Aim of the task>
Retype word for word the stretch of entries below from the line that has "Nillkin Nature TPU" through the line that has "Martin Brower logo", and omit the pictures.

Information supplied>
● ● ● ●
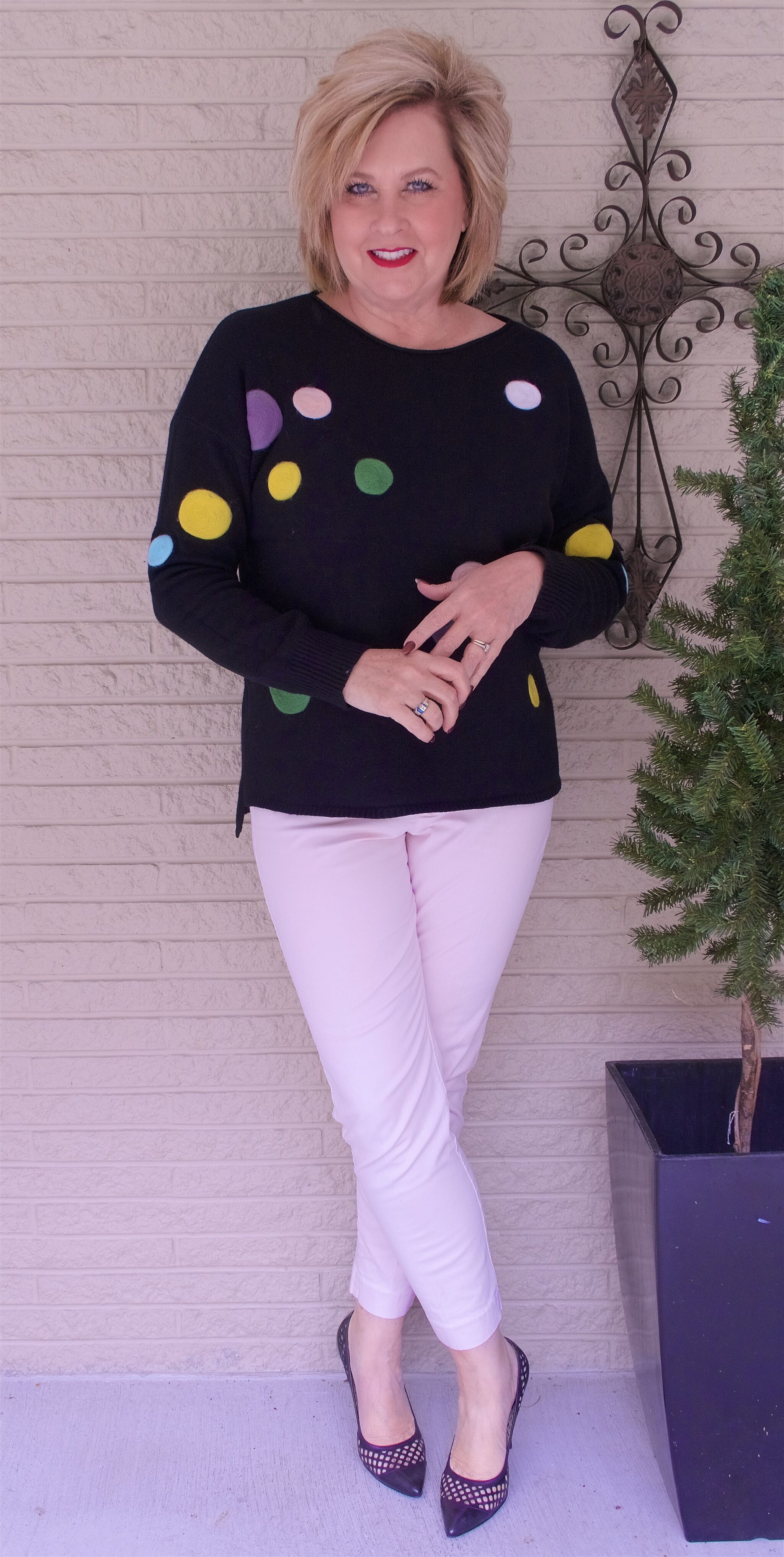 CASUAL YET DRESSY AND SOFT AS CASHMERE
● ● ● ●
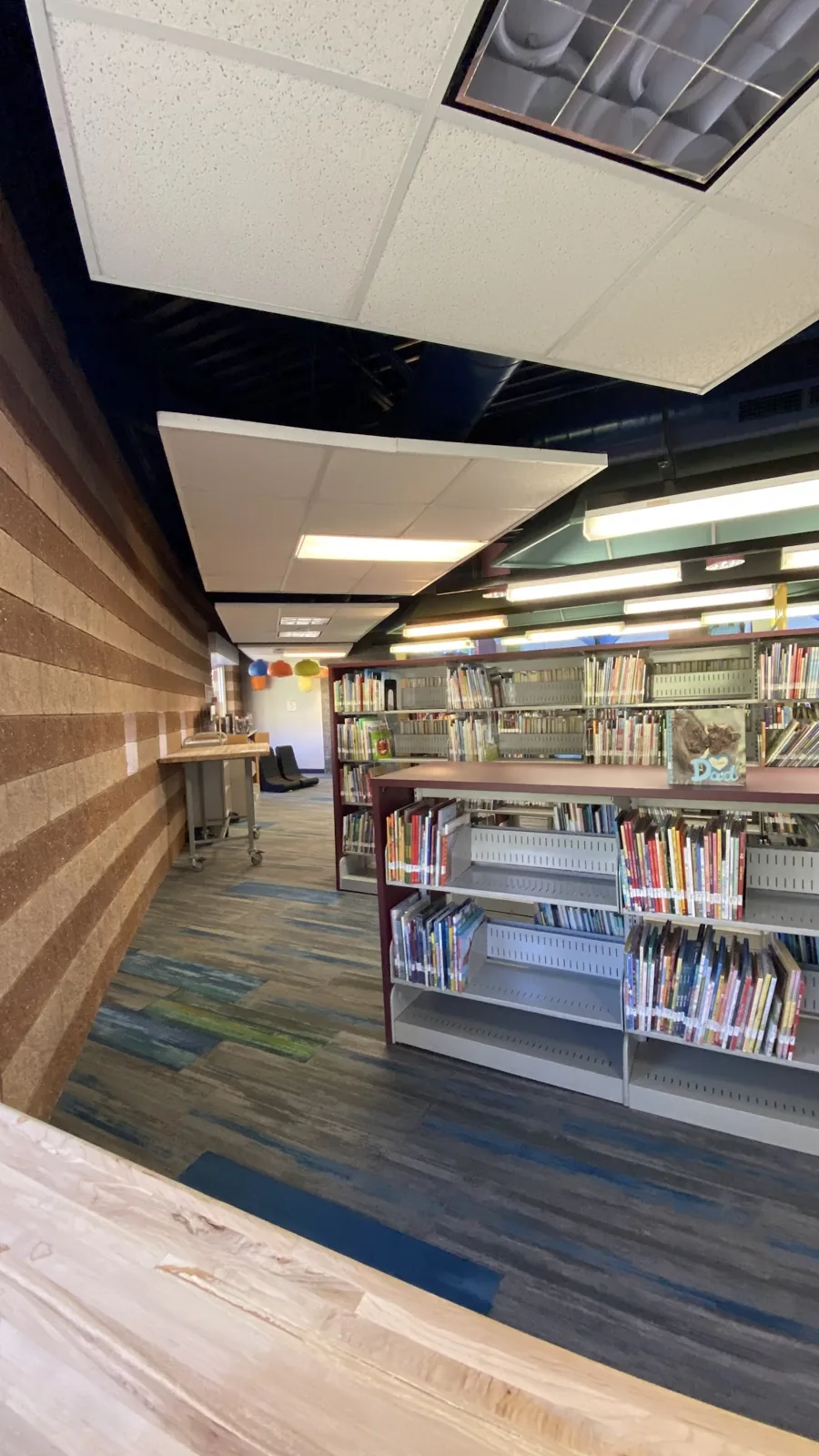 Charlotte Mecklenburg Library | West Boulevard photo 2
● ● ● ●
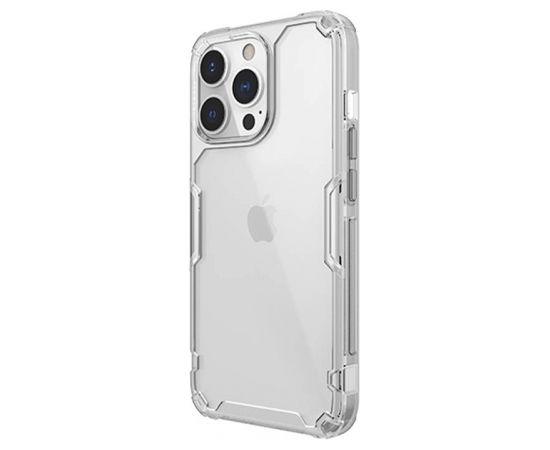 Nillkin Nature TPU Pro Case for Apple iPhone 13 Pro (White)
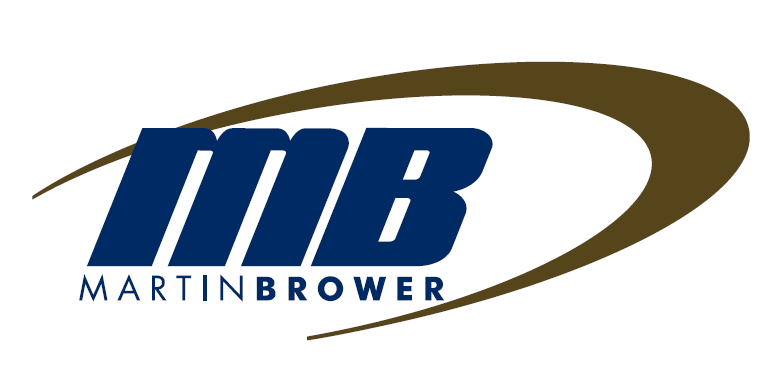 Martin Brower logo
● ● ● ●
Response below>
 Nillkin Nature TPU Pro Case for Apple iPhone 13 Pro (White)
 Martin Brower logo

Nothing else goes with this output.